Mais même si le Canada partage des accointances avec l’UE, il s’en écarte au niveau des standards normatifs, sanitaires ou environnementaux. «Là, le gouffre est assez considérable», estime Nicolas Herviau.

D’autant plus que, dans le contexte géopolitique actuel, on peut aussi se poser la question de savoir si le Canada ira jusqu’à formuler une demande d’adhésion à l’UE, risquant d’attirer encore plus les foudres de Trump… «Cela fait évidemment partie des nombreux freins géopolitiques et diplomatiques, remarque l’ancienne analyste politique de la Commission. Il faudrait que la situation géopolitique soit extrêmement compliquée pour que cela puisse s’envisager.»

Le CETA, un instrument puissant de coopération

Pour Adina Revol, professeure affiliée à Sciences Po Paris, essayiste spécialisée dans les questions européennes, le traité CETA établit déjà des liens solides entre l’UE et le Canada. «Cet instrument est très puissant, car au-delà de couvrir la dimension commerciale, il englobe également la dimension investissements.» Ce traité n’est pas encore ratifié, il est appliqué de façon provisoire. Ainsi, «la première étape du renforcement de la coopération avec le Canada pourrait consister dans l’application pleine et entière du CETA», juge l’experte.

Ce n’est pas la seule. Il existe d’autres possibilités de coopération active, dans la Défense par exemple. Par ailleurs, le format de la communauté politique européenne, qui inclut la Turquie et le Royaume-Uni, pourrait également s’appliquer au Canada.

Des rapprochements sans adhésion

Les exemples de rapprochements sans adhésion sont légion. L’Ukraine, avant sa demande d’adhésion, était par exemple déjà intégrée en partie au marché intérieur européen, idem pour la Moldavie. «Il existe donc des façons de coopérer avec des Etat non-membres en-dehors du traité européen, rappelle Adina Revol. De façon générale, aussi, les traités de libre-échange dépassent le simple aspect commercial.»

La première étape du renforcement de la coopération entre l’UE et le Canada pourrait consister dans l’application pleine et entière du CETA.

Adina Revol

En outre, le Canada se présente comme un partenaire essentiel de l’UE pour la transition énergétique, puisqu’il dispose de matières premières rares, dont l’Europe a besoin pour sécuriser ses approvisionnements face à la Chine. «Dans le contexte géopolitique actuel, il paraît évident que les relations bilatérales doivent être consolidées, juge Adina Revol.
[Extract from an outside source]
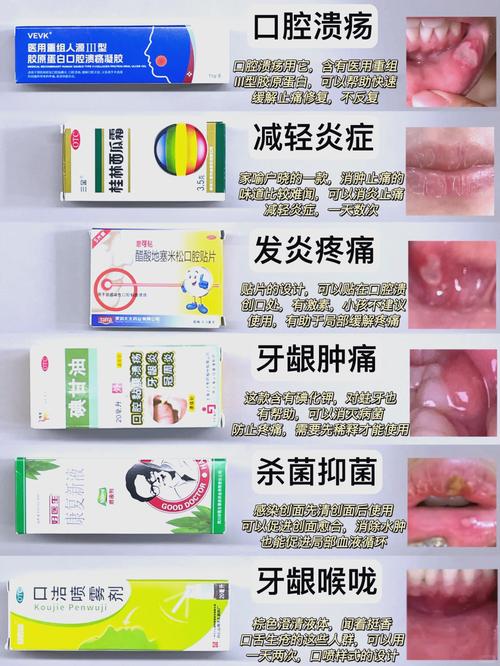 长沙小孩口腔溃疡吃什么好的快？收下这份家庭偏方与饮食指南，轻松缓解娃的疼痛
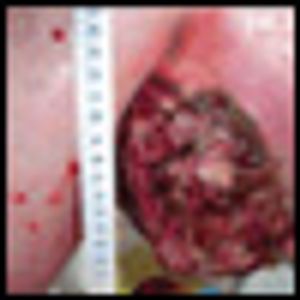 Metastatic Malignant Melanoma From an Unknown Primary Presenting as a Large Axillary Mass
De là à devenir membre… L’adhésion reste un processus très normé.»

Et chronophage. Rappelons, par exemple, que le processus accéléré pour l’Ukraine pourrait seulement aboutir en 2030. Pour les pays d’Europe de l’est, l’adhésion s’est étalée sur une période de 14 et 20 ans. Après le Brexit en 2020, le Canad’In n’est pas encore pour tout de suite…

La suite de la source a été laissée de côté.